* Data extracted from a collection
****
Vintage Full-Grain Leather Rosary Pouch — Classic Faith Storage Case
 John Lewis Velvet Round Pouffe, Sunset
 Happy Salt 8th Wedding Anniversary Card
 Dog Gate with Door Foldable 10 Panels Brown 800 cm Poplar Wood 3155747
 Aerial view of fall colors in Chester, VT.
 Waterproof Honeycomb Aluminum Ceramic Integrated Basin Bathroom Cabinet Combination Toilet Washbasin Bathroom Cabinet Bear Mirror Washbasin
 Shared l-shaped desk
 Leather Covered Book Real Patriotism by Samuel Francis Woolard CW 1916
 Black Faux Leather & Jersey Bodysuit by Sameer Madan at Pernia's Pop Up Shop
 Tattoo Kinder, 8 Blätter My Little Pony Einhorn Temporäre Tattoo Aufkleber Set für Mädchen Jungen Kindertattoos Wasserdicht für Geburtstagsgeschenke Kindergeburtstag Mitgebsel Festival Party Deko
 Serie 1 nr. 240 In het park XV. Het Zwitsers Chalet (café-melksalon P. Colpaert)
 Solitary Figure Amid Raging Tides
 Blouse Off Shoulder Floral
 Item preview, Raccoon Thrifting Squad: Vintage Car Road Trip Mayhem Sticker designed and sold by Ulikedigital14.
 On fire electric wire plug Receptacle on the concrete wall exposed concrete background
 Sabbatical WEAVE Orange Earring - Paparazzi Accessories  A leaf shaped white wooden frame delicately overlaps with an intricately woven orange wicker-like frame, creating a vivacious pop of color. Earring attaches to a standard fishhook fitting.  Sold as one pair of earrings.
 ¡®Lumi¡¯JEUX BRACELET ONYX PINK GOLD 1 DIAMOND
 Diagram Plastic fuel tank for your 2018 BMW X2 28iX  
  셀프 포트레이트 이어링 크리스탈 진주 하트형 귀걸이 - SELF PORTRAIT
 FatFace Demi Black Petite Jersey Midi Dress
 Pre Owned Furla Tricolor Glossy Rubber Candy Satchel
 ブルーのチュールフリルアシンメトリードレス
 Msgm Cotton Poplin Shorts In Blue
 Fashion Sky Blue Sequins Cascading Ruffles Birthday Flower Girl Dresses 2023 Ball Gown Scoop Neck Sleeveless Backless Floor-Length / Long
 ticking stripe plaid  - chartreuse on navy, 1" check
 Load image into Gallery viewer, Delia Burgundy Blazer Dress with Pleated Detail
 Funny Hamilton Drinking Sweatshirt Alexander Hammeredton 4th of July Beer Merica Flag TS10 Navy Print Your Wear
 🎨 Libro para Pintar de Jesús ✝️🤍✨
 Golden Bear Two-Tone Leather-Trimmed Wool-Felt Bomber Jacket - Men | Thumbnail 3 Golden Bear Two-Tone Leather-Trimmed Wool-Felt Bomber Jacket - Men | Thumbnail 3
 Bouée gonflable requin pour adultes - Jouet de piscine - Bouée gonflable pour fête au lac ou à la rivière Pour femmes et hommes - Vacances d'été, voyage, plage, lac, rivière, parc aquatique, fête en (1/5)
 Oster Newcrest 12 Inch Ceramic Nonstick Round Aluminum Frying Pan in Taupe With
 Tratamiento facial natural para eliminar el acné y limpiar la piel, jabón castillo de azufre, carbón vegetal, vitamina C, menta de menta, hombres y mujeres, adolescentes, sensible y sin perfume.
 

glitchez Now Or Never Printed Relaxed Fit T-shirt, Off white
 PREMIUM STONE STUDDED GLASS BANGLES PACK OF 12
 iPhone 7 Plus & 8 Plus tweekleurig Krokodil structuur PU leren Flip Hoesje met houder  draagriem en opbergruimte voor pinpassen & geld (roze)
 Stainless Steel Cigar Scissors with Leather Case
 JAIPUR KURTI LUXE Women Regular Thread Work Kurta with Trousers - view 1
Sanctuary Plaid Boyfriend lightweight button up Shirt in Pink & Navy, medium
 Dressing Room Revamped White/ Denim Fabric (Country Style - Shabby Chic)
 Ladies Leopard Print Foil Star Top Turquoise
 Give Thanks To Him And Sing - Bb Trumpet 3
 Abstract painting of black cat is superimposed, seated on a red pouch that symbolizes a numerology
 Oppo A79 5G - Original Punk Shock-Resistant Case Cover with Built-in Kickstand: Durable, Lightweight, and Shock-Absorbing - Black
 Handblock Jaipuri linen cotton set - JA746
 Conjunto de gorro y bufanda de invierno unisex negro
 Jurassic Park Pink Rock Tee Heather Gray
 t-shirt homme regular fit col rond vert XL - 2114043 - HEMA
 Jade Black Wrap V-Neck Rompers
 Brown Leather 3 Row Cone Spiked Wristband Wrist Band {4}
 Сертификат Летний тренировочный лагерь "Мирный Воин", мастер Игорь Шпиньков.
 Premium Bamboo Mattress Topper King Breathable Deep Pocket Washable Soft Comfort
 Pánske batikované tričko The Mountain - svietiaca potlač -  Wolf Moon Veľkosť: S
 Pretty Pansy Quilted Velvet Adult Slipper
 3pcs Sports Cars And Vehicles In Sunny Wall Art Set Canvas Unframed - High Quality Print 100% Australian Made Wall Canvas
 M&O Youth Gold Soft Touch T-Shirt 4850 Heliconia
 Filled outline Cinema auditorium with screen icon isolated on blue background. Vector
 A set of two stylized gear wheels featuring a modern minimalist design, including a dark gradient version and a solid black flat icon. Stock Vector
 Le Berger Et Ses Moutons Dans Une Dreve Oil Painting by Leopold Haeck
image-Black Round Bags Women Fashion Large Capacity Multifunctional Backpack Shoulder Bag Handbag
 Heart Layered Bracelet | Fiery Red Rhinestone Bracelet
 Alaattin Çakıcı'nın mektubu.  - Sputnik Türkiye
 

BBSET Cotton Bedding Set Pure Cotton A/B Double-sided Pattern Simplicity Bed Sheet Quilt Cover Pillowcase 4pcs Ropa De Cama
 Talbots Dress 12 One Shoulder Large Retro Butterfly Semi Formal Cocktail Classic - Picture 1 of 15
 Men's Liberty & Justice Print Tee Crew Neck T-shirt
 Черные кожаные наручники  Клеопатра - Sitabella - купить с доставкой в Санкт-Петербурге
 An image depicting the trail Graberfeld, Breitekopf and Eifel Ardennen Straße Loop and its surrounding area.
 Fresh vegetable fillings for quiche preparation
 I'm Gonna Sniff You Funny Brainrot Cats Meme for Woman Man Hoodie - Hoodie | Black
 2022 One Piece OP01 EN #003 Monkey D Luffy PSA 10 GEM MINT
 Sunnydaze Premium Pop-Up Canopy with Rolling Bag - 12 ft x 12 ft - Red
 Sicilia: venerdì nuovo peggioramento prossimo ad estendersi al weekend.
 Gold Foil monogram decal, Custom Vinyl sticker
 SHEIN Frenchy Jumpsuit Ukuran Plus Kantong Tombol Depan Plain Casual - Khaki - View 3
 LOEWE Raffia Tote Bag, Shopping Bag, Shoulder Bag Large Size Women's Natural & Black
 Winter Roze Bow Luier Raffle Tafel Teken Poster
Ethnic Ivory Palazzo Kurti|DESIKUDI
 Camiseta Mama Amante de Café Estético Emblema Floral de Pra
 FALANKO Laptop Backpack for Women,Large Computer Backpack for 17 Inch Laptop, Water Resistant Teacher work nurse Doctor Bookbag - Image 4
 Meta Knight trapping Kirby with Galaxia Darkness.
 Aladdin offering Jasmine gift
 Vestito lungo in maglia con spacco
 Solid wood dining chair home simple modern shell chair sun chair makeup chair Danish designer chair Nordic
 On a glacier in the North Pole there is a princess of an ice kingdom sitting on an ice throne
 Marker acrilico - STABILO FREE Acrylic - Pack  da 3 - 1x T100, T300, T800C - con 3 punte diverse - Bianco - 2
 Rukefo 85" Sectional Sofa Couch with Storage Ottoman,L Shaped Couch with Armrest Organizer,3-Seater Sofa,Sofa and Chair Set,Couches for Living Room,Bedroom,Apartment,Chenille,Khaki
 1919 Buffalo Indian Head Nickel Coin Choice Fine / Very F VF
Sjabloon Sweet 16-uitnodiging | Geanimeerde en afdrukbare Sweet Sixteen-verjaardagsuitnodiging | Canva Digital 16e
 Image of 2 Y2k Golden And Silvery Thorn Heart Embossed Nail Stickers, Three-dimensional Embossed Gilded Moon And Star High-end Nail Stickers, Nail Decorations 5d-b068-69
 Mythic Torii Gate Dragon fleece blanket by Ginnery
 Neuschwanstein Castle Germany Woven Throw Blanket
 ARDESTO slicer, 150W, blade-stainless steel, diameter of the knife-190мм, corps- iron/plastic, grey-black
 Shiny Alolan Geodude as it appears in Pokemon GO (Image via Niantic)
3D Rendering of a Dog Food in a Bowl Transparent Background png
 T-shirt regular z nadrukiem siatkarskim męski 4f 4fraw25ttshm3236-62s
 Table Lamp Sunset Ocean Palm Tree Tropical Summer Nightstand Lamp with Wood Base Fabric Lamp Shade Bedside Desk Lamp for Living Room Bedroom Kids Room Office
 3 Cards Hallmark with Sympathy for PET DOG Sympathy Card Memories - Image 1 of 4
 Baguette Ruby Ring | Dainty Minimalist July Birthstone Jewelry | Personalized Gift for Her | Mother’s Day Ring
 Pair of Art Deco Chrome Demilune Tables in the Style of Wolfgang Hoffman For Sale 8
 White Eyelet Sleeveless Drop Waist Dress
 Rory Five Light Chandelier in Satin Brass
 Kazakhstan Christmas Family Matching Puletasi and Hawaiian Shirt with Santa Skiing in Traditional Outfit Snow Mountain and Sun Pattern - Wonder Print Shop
****
* THE PROBLEM
Retype only this portion of the data above: the line containing "Stainless Steel Cigar", the line containing "Brown Leather 3", and all lines between them, exactly.

* RESPONSE
 Stainless Steel Cigar Scissors with Leather Case
 JAIPUR KURTI LUXE Women Regular Thread Work Kurta with Trousers - view 1
Sanctuary Plaid Boyfriend lightweight button up Shirt in Pink & Navy, medium
 Dressing Room Revamped White/ Denim Fabric (Country Style - Shabby Chic)
 Ladies Leopard Print Foil Star Top Turquoise
 Give Thanks To Him And Sing - Bb Trumpet 3
 Abstract painting of black cat is superimposed, seated on a red pouch that symbolizes a numerology
 Oppo A79 5G - Original Punk Shock-Resistant Case Cover with Built-in Kickstand: Durable, Lightweight, and Shock-Absorbing - Black
 Handblock Jaipuri linen cotton set - JA746
 Conjunto de gorro y bufanda de invierno unisex negro
 Jurassic Park Pink Rock Tee Heather Gray
 t-shirt homme regular fit col rond vert XL - 2114043 - HEMA
 Jade Black Wrap V-Neck Rompers
 Brown Leather 3 Row Cone Spiked Wristband Wrist Band {4}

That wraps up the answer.